Çok yaygın ve ileri derecede olduğu saptamasının tartışma götürmediği çürüme olgusunun panzehirini aramak gerekirse, gerekmekle birlikte bunun pek de verimli bir çaba olmayacağı bilinmek koşuluyla, bu panzehir, devrimin kadrolarında arılık ile yetkinliğin bütünleşmesinden başka nerede bulunabilir?

Burada konu baş kaldıranlara geliyor.

Baş kaldıranların önünde gidenlerin, baş kaldırdıkları düzenin pisliğine en az bulaşık olmaları, başka türlü söylenirse, bu "en az bulaşık olma derecesi" ne ise o kadar temizlenmiş olmaları şarttır.

Pisliğe hiç bulaşmamış olmak mümkün görünmediğine göre, kişisel bir arınma sürecinin gerekliliği ortadadır. Ancak, bunu sağlamak, sadece kişisel irade ve çaba ile gerçekleşemez; uygun bir örgütsel ortam ve kolektif destek de gerekir.

Kolektif bir arınma sürecini yaratma çabalarının, bilinen anlamdaki tarikatlaşmaya ve tarikat ayinlerine yol açma olasılığı yüksektir. Bu yüzden, tehlikeli olduğu, ayrıca başarı şansı pek yüksek görünmediği için de uğraşmaya değer olmadığı eklenmelidir. Öyleyse, yapılması gereken, böyle bir süreci yaratma yönünde özel çaba göstermek yerine, bu sürecin bir bakıma kendiliğinden gerçekleşmesinin koşullarını oluşturmaya, en azından, bu koşulların ortaya çıkışına engel olmamaya özen göstermektir.

Baş kaldıranlar, hayal kurmayı ve gerçekçi olmayı, bu ikisini tek bir kişilik özelliğine dönüştürmeyi başarmak zorundadırlar.

Bir de, düzenin adamları var. Onlar için yaptığım, ilk ortaya çıkışı şimdi aktaracağım yazılı hale getirilişinden de daha eski bir değerlendirme şöyleydi: "(...) Türkiye burjuvazisi, hemen herkesin açıkça görebildiği ve kendisinin de artık kanıksanmış bir çaresizlik olarak kabullendiği bir siyasi kadro yoksulluğu içindedir. Bu sonucun ortaya çıkmasında, (...) uzun bir süre boyunca, hep sopa göstererek ve sık sık da sopayı kalkan başlara indirerek yönetebilmiş olmanın payı vardır." (Türkiye için Sosyalist Seçenek, Nazım Kültürevi Kitaplığı  Sol Meclis Dizisi, İstanbul, Nisan 2002, s. 115.)

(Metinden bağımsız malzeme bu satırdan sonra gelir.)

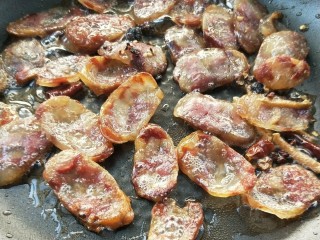 8、豉香腊肠炒蒜苗,煸至腊肠金黄色微微卷起。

Kadro yoksulluğu, var olan kıdemli ve kıdemsiz bütün kadroların en temel, en ilkel niteliklerden yoksunluğu demektir. O kadar ki, buradaki “temel”, “ilkel” sözcüklerinin zaten uçtaki anlamlarını, başlarına "en" getirmeden yazmaya elimiz varmayarak, daha da uca götürebiliyoruz.

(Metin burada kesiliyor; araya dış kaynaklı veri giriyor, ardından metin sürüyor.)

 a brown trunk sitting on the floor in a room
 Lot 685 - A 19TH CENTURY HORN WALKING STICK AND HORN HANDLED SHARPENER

Niteliksizlik, amansız bir sömürü ve baskı altında sürüleştirilmiş geniş yığınlar için de geçerlidir. Dolayısıyla, düzenin siyasi kadrolarının niteliksizliği kendileri açısından bir sakınca ya da engel yaratmamaktadır. Tersine, sürü ya da burada ihtiyaç duyduğumuz anlamı kitle sözcüğünden çok daha iyi aktarabilen yığın, "benzeşerek yakınlaşma" diye adlandırabileceğimiz bir eğilimle, kendi niteliksiz kabalığının bir kopyasını, daha doğrusu, izdüşümünü gördüğü yahut hissettiği bu kadroları ve önderlerini tercih edebilmektedir. Tercih etmenin en kolay, en zararsız görünen, en az cesaret isteyen yolu oy vermektir. Getirisi daha büyük görünen yollar da bulunmakla birlikte, onların daha zor, daha tehlikeli olduğu ve  gözükaralık gerektirdiği biraz önceden öğretilir, daha çok da yaşanarak öğrenilir. Oldukça değişik biçimler alabilen bu öğretme/öğrenme süreçlerinin kendileri de sonuçları da açların ve çürüyenlerin tarifsiz acılarıyla doludur. Kurtuluş ise onların ne kadar ve nasıl katılacakları her zaman belirsizlik gösteren baş kaldıranların gücüne bağlıdır.